Post
Topic
Board Speculation
Re: Wall Observer BTC/USD - Bitcoin price movement tracking & discussion
by
JayJuanGee
on 15/03/2021, 00:52:20 UTC
Happy Pi Day guys... today is a Pi π day - 3.14

Just read as of today we have calculated 31.4 trillion decimal places—31,415,926,535,897 of Pi to be exact. It was done by a Google employee (Emma Haruka) who set a world record for calculating the most digits of Pi. She and her team used 96 vCPUs with 1.4TB of RAM and spent 121.1 days.

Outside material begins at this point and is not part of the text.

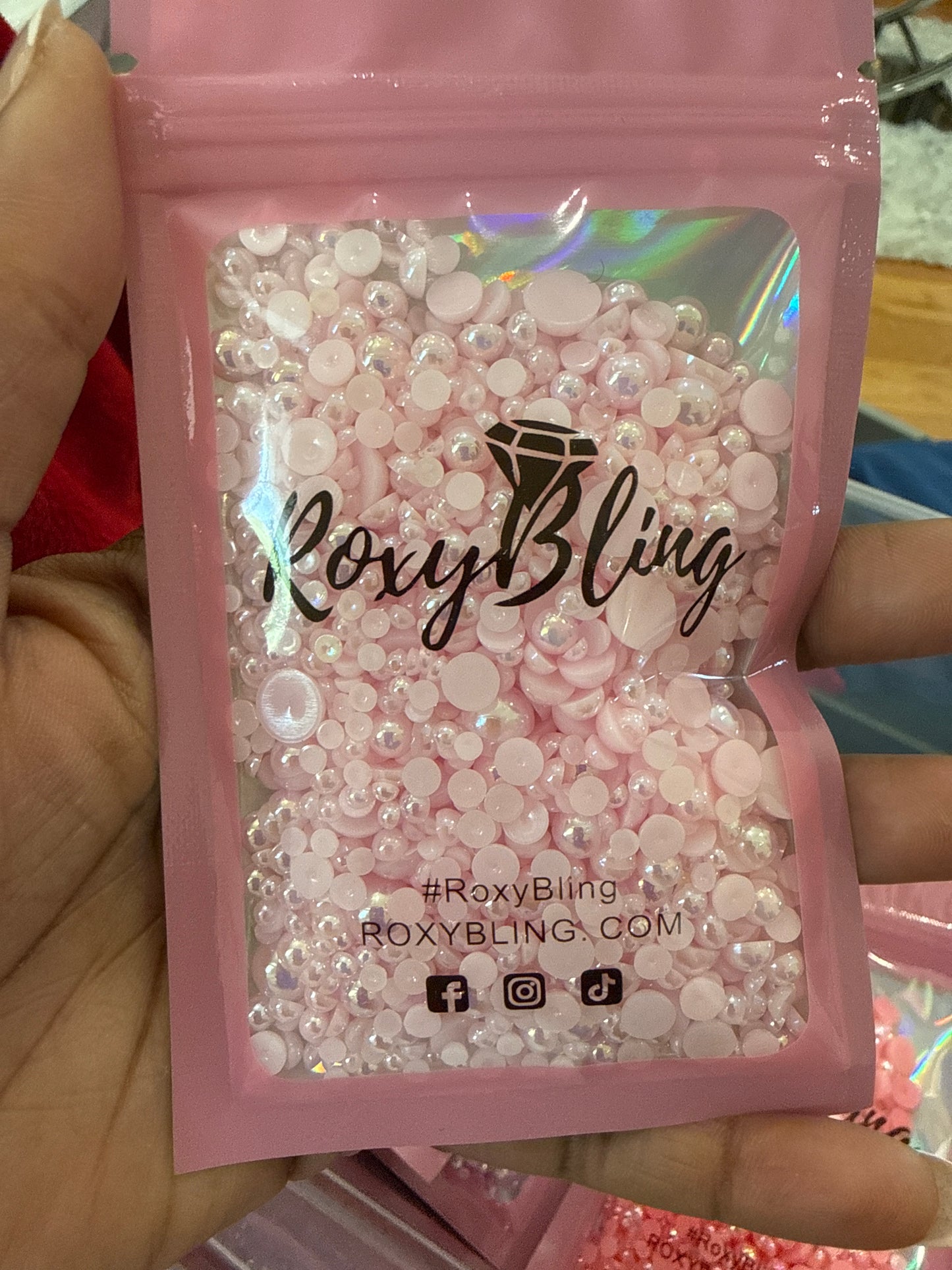 Lit Pink Ab Pearls (mix size) 2000 Pieces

So here’s thought what if all the Bitcoin mining rigs starts calculating the value of Pi just for 10 minutes? How much can we calculate? Keeping in mind (in early 2020) the computers on the bitcoin network were calculating close to 120 exahashes per second.

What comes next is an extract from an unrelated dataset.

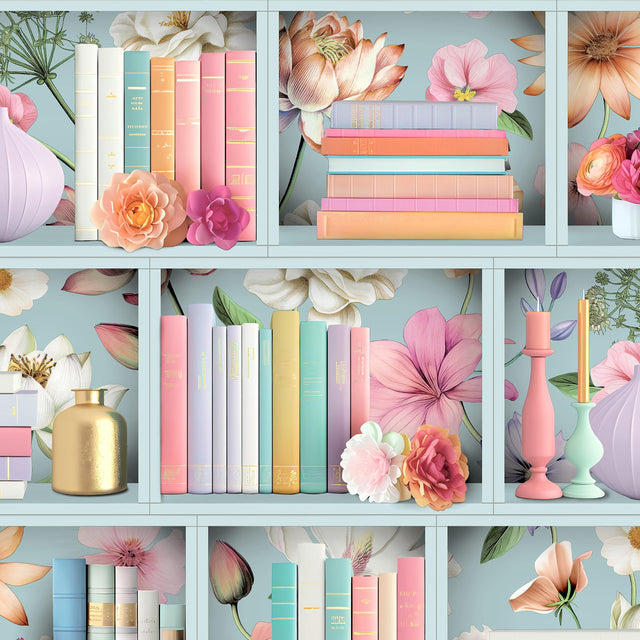 DecoratorsBest Blossom Shelves Blue Wallpaper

And for a reference “One terahash is a trillion hashes per second, one petahash is a quadrillion hashes per second, and one exahash is one quintillion hashes per second (a one followed by 18 zeros).



Ref:
https://cloud.google.com/blog/products/compute/calculating-31-4-trillion-digits-of-archimedes-constant-on-google-cloud/

https://www.thebalance.com/how-much-power-does-the-bitcoin-network-use-391280

I am not sure whether I understand the answer in regards to the bitcoin network's calulations and pi.. in other words, how many decimal places of pi could the bitcoin network calculate in 10 minutes versus the 121.1 days that were used by the team of 96vCPUs of Emma Haruka?  Did I miss the answer?  Is there an answer?  Her team got 31.4 trillion decimal places, and another variation of the question would be how long would it take the bitcoin network to arrive at that number of decimal places of pi?